• _YOUR ASSIGNMENT_: Repeat the listing that follows exactly. Pictures are not part of the copy.

• _THE DATA_:
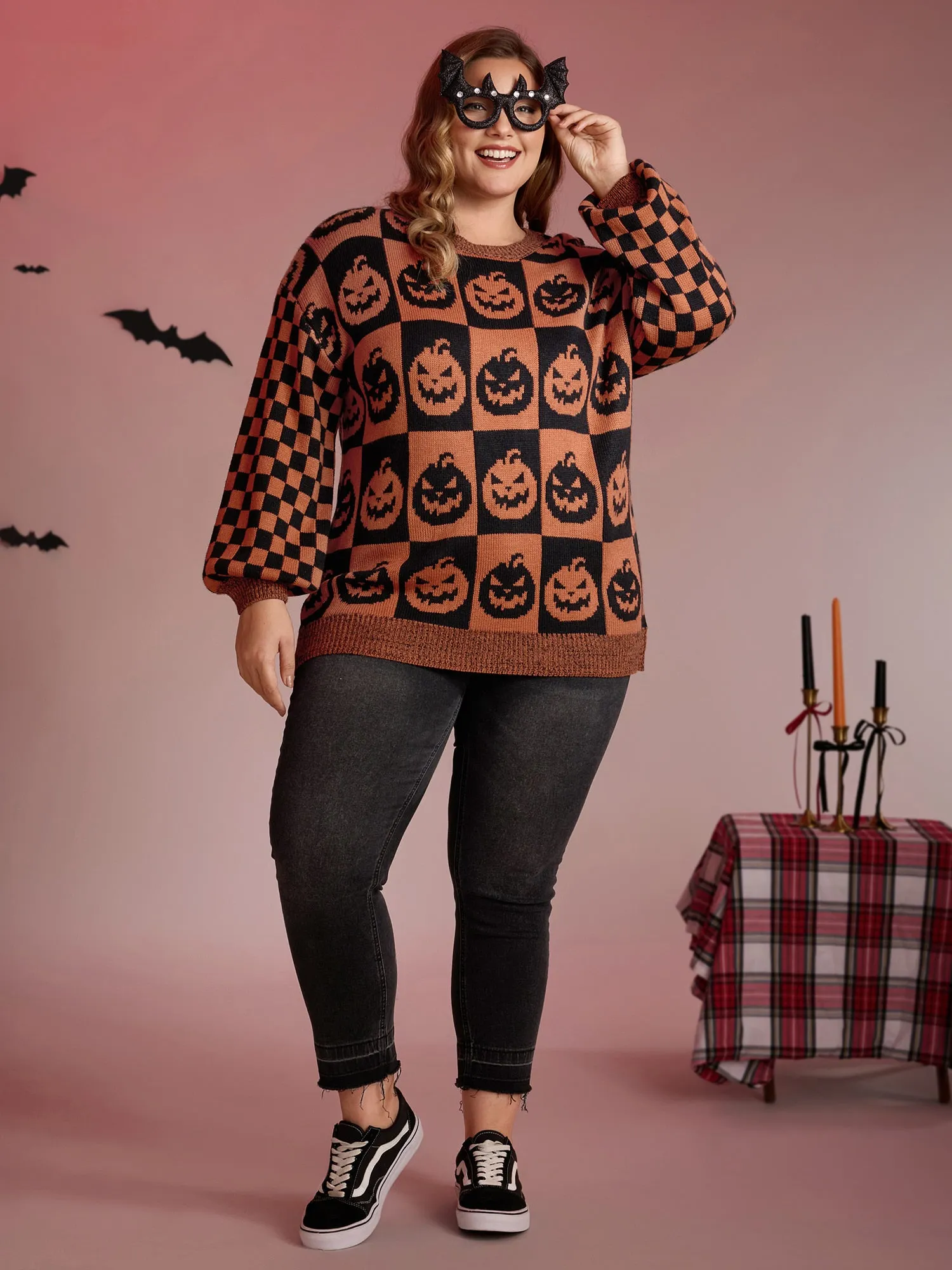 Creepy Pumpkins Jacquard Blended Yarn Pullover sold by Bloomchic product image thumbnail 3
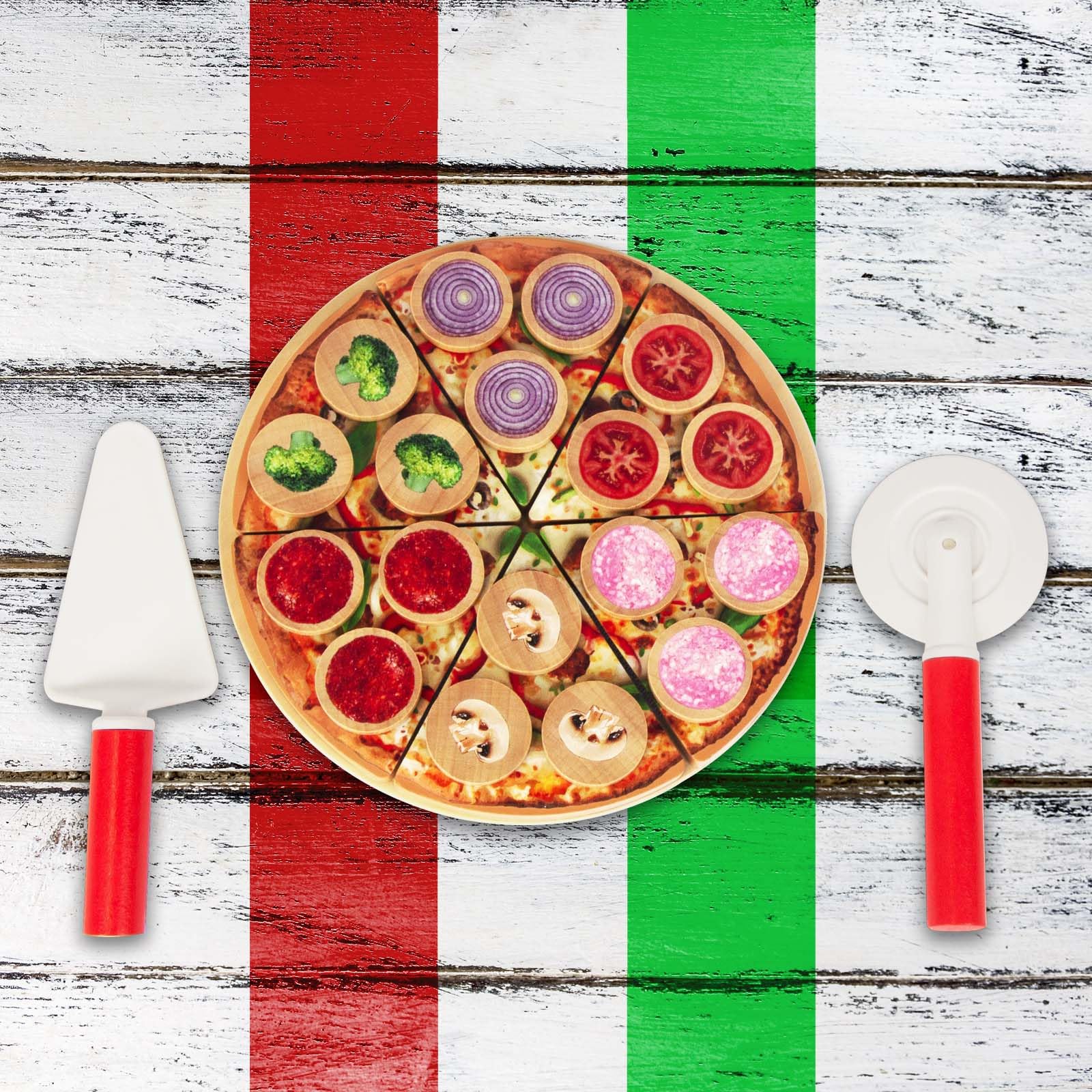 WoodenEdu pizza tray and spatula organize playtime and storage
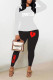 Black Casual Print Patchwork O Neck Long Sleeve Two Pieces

• _WRITTEN ANSWER_:
 Creepy Pumpkins Jacquard Blended Yarn Pullover sold by Bloomchic product image thumbnail 3
 WoodenEdu pizza tray and spatula organize playtime and storage
 Black Casual Print Patchwork O Neck Long Sleeve Two Pieces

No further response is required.